§ Problem statement: Transcribe all the entries word for word, but omit the images.

§ Dataset content:
- - - - - - -

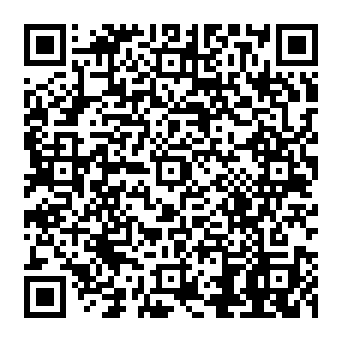 QR 09aa46a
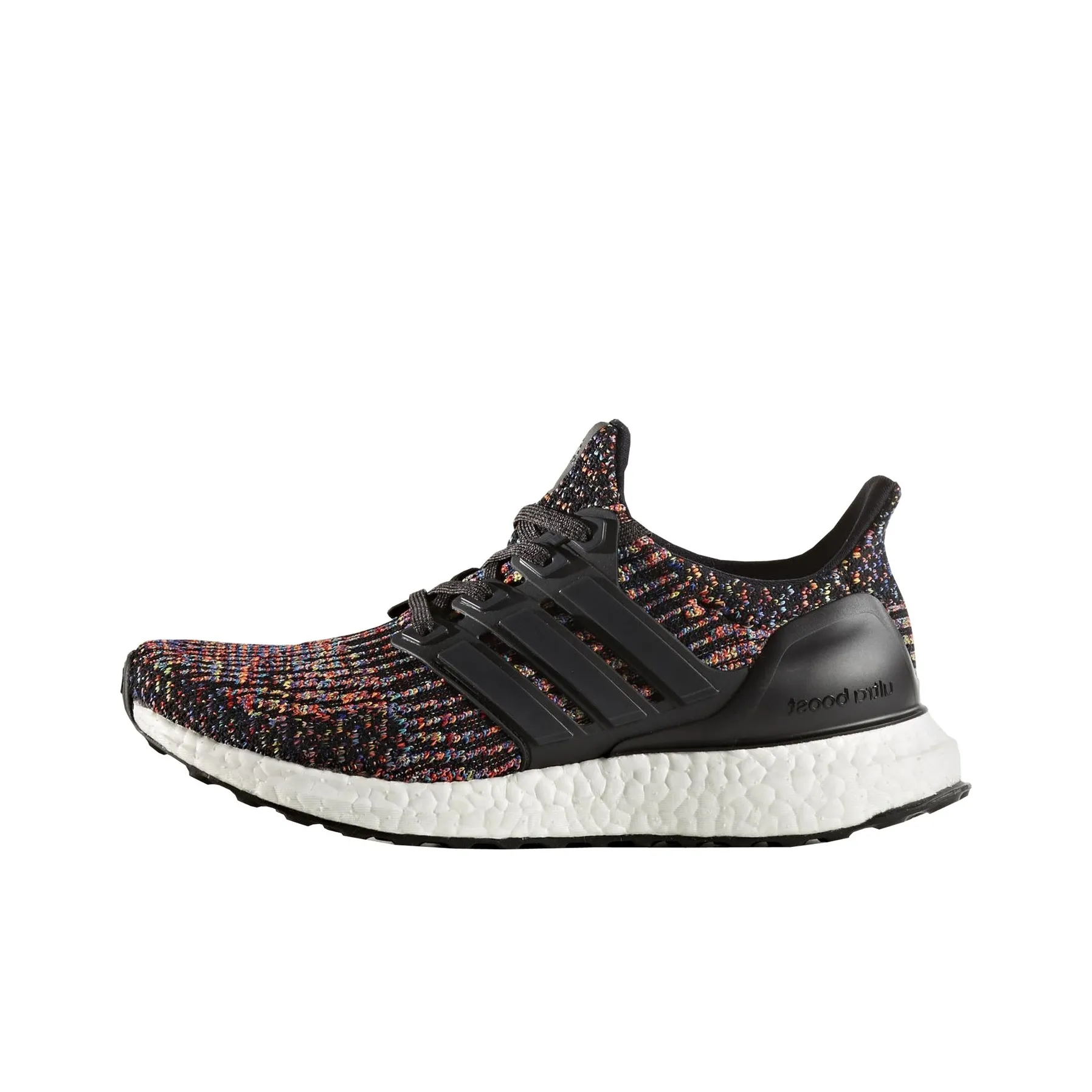 Adidas Ultraboost J Sneakers Women's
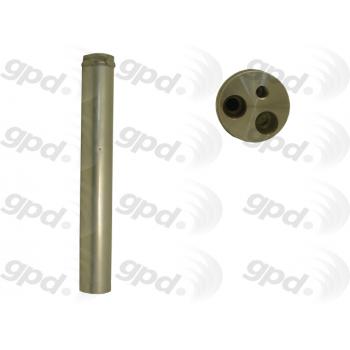 2010 Mercedes-Benz Sprinter 2500 A/C Receiver Drier Kit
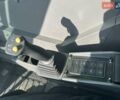 Сірий Зумліон ZD, об'ємом двигуна 8.8 л та пробігом 1 тис. км за 245000 $, фото 11 на Automoto.ua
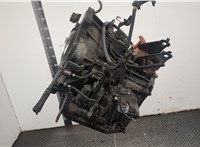  КПП - автомат (АКПП) Toyota Avensis 2 2003-2008 20499487 #4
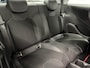 Opel Adam 1.4 Glam CRUISE AIRCO LM STOEL VERWARMING.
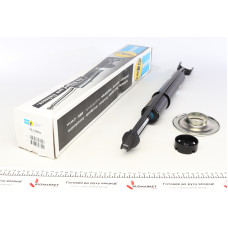 Амортизатор (передній) Audi A6 04-11 (B4)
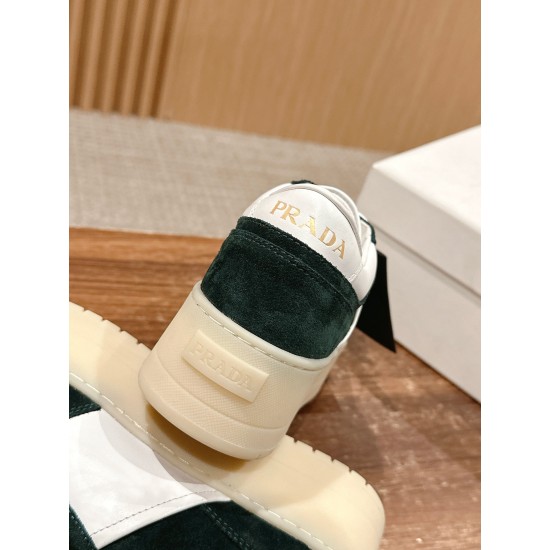 Casual Shoes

- - - - - - -

§ Exercise response:
 QR 09aa46a
 Adidas Ultraboost J Sneakers Women's
 2010 Mercedes-Benz Sprinter 2500 A/C Receiver Drier Kit
 Сірий Зумліон ZD, об'ємом двигуна 8.8 л та пробігом 1 тис. км за 245000 $, фото 11 на Automoto.ua
  КПП - автомат (АКПП) Toyota Avensis 2 2003-2008 20499487 #4
 Opel Adam 1.4 Glam CRUISE AIRCO LM STOEL VERWARMING.
 Амортизатор (передній) Audi A6 04-11 (B4)
 Casual Shoes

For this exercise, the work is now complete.